Personal details
- Born: May 1962 (age 64) Chengdu, Sichuan, China
- Alma mater: Southwestern University of Finance and Economics
- Occupation: Professor, politician

= Liu Jiaqiang =

Chinese academic and politician

Liu Jiaqiang (刘家强; born May 1962) is a Chinese academic and politician. A native of Chengdu, Sichuan, he is a professor with a doctoral degree in law and has long been engaged in research and teaching in population studies and economics. He is a senior member of the Revolutionary Committee of the Chinese Kuomintang (RCCK) and has held a number of leading posts at both provincial and national levels.

== Biography ==
Liu Jiaqiang began his higher education in September 1980 at the Sichuan College of Finance and Economics, where he studied political economy and obtained a bachelor’s degree in economics in 1984. He then pursued graduate studies at the Institute of Population Research of the Southwestern University of Finance and Economics, earning a master’s degree in law in 1987. After completing his studies, he remained at the institute, where he successively served as intern researcher, teaching assistant, lecturer, and associate researcher. From 1992 to 1995, he undertook further doctoral studies in population studies at the same institution and was awarded a PhD in law.

In February 1997, Liu was appointed deputy director of the Institute of Population Research and promoted to professor, later obtaining qualification as a doctoral supervisor in 1999. He served briefly as director of the institute in 2000 and concurrently assumed leadership roles within the RCCK in Sichuan Province. During this period, he also held academic administrative positions, including vice dean of the Law School at Southwestern University of Finance and Economics.

From 2002 onward, Liu transitioned to government service while continuing his involvement in the RCCK. He served as deputy director of the Sichuan Provincial Department of Labor and Social Security, during which time he undertook temporary assignments in Wuhan, Hubei, and with the China Three Gorges Project Corporation. In 2009, he was appointed Vice Mayor of Chengdu, and in 2011 he became Director of the Sichuan Provincial Population and Family Planning Commission. He later served as Chairperson of the Sichuan Provincial Committee of the RCCK and, from 2013, as Vice Chairperson of the Standing Committee of the Sichuan Provincial People's Congress.

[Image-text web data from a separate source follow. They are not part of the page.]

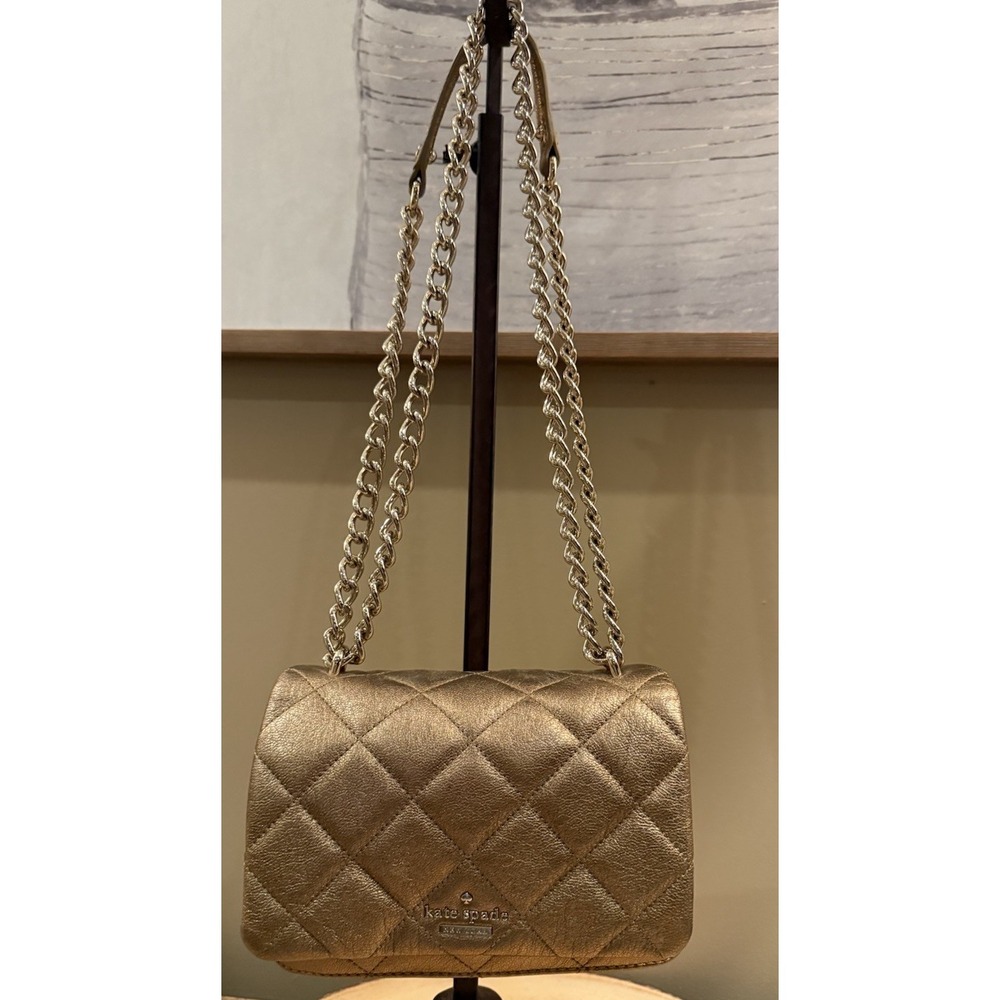 Kate Spade Gold Quilted Leather Mini Emerson Place Vivenna Crossbody Bag - Picture 2 of 15
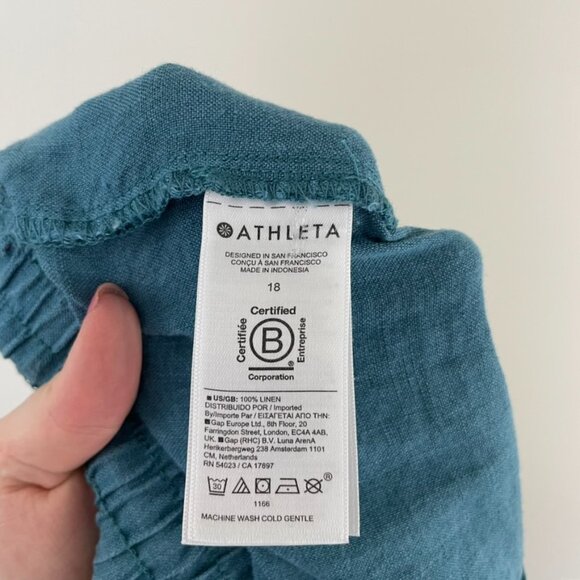 Athleta Retreat Linen High Rise Wide Leg Pants Borealis Green Size 18 - Picture 4 of 7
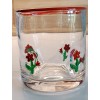 Unbranded Anthropologie Dupe Red Flowers on Green Stem Icon Glass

At the national level, Liu served as Deputy Secretary-General of the 12th and 13th National Committees of the Chinese People's Political Consultative Conference. In 2022, he was elected Vice Chairperson of the 14th Central Committee of the Revolutionary Committee of the Chinese Kuomintang. He is currently a Standing Committee member of the 14th National Committee of the CPPCC and a member of its Committee on Culture, Historical Data and Studies, as well as Vice Chairperson of the 13th Council of the China Vocational Education Society.